=== Required action ===
From the first line to the last, copy the listing exactly and omit the pictures.

=== Exercise data ===
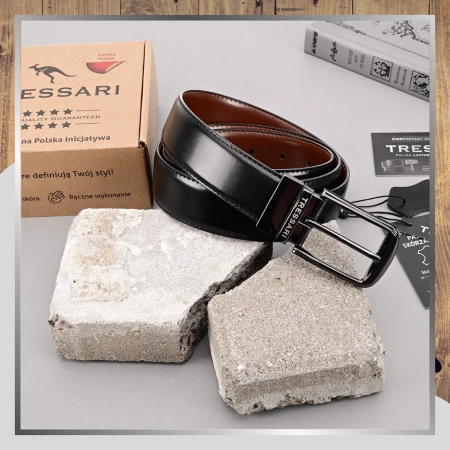 Curea din piele dublă TRESSARI, 120 cm, negru-maro, pentru pantaloni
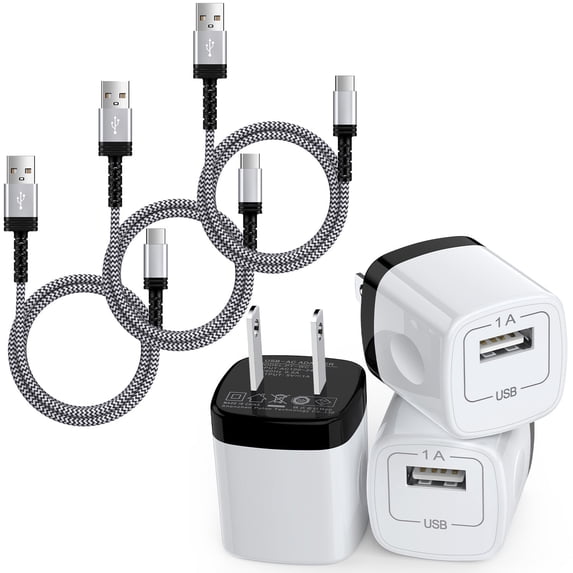 Type C Charger Block, 3 Pack Charging Block with 10FT USB C Cable, USB Wall Charger Adapter Plug Fast Charging Station Power Base with Type C Charging Cable Compatible for Samsung Android, White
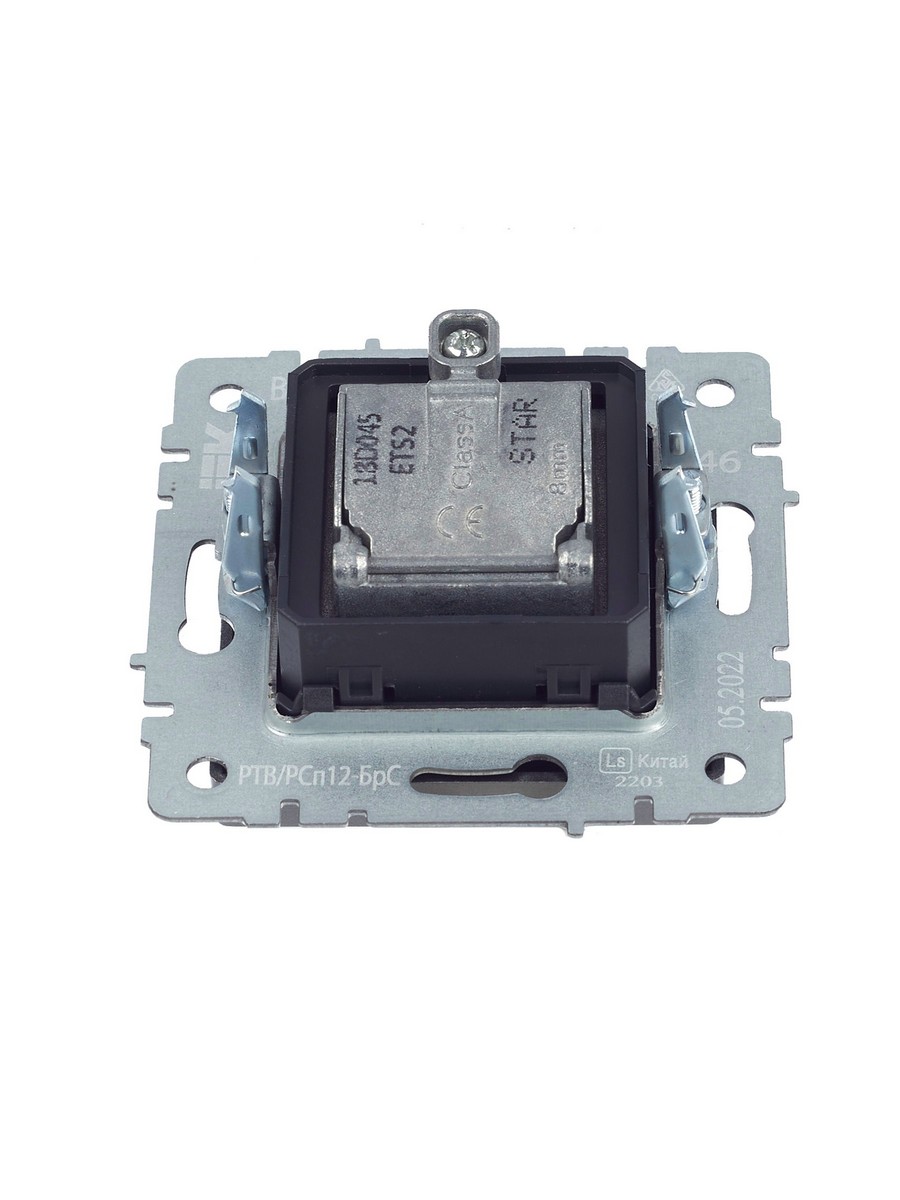 Розетка IEK BRITE двойная TV+SAT РТВ/РСп12-БрС сталь BR-AF20-O-K46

=== Response to this exercise ===
 Curea din piele dublă TRESSARI, 120 cm, negru-maro, pentru pantaloni
 Type C Charger Block, 3 Pack Charging Block with 10FT USB C Cable, USB Wall Charger Adapter Plug Fast Charging Station Power Base with Type C Charging Cable Compatible for Samsung Android, White
 Розетка IEK BRITE двойная TV+SAT РТВ/РСп12-БрС сталь BR-AF20-O-K46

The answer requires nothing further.